A joint investigative report published by a coalition of international media outlets has revealed a massive cache of internal military documents that lay bare the true operational depth of the Sino-Russian strategic alliance. The leaked files originate from a secure bilateral platform: the Third Sino-Russian Forum on Military-Technical Cooperation held in Guangzhou. Among the most striking disclosures is a comprehensive, joint-military presentation designed by the state-owned China Aerospace Science and Technology Corporation (CASC) that outlines an explicit, multi-phased strategy to neutralise, paralyse, and physically counter Elon Musk’s Starlink satellite network.

According to independent analysis by Tony Fiddis, a veteran China analyst behind the China Update platform, these leaked internal documents shatter the long-standing narrative maintained by Beijing. While China has spent years walking a delicate diplomatic tightrope—publicly asserting strict neutrality regarding conflicts like the war in Ukraine and denying the supply of lethal aid to Moscow—the reality on the ground is starkly different. This is not merely a loose political or rhetorical friendship; it is a highly coordinated, operational military relationship planning for direct strategic competition against Western space, cyber, and electromagnetic infrastructure.

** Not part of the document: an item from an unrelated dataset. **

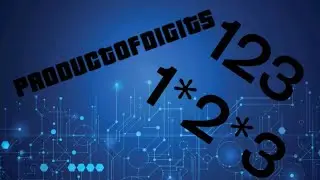 JAVA PROGRAM to find the PRODUCT of digits in a given NUMBER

The Starlink Threat Landscape: Beijing’s Perspective

The leaked CASC slides, marked under restricted internal classifications, reveal deep anxiety within the People's Liberation Army (PLA) and the Russian Armed Forces regarding the role of commercial space constellations in modern warfare. The presentation specifically identifies Starlink as a "space-based bottleneck" that threatens the core strategic interests of both nations.

Chinese defence researchers who delivered the briefing identified several key vulnerabilities presented by Starlink to their respective militaries:

  • The Space Blockade: The sheer density of SpaceX’s low-Earth orbit (LEO) constellation allows the United States to dominate orbital paths, effectively creating a physical and regulatory barrier to entry for adversarial nations trying to deploy their own networks.

  • Real-Time Intelligence Delivery: Starlink’s decentralised nature has proved highly resilient against traditional localised electronic warfare, serving as the primary communications backbone for frontline command, artillery coordination, and long-range strike drones in active conflicts.

  • Redundant Positioning Infrastructure: The presentation warns that Starlink acts as a robust, real-time backup communication network capable of operating even if Western military GPS architectures are physically or electromagnetically compromised.

The Three-Tier Escalation Ladder

To counter the network's resilience, the Chinese and Russian researchers proposed a unified, three-tier escalation ladder designed to systematically degrade and eliminate the constellation.

Phase 1: Diplomatic and Bureaucratic Obstruction

The first phase focuses on using international regulatory institutions, such as the International Telecommunication Union (ITU), to throttle the expansion of Western space architectures. The strategy calls for building a global coalition of aligned nations to pressure international bodies by emphasising orbital congestion, satellite debris accumulation, and the severe risk of catastrophic orbital collisions.

Phase 2: Frequency Siloing and Joint Jamming

Below the threshold of kinetic war, the protocol dictates that Moscow and Beijing coordinate their filings for critical radio frequency bands and orbital slots. By deliberately occupying adjacent physical space and radio spectrums, they aim to legally and structurally block SpaceX from deploying future iterations of its network. Concurrently, the presentation advocates for a unified "power suppression and adaptive interference" system—merging Russian and Chinese electronic warfare (EW) programmes into a single framework to selectively blind Starlink receivers in active combat zones.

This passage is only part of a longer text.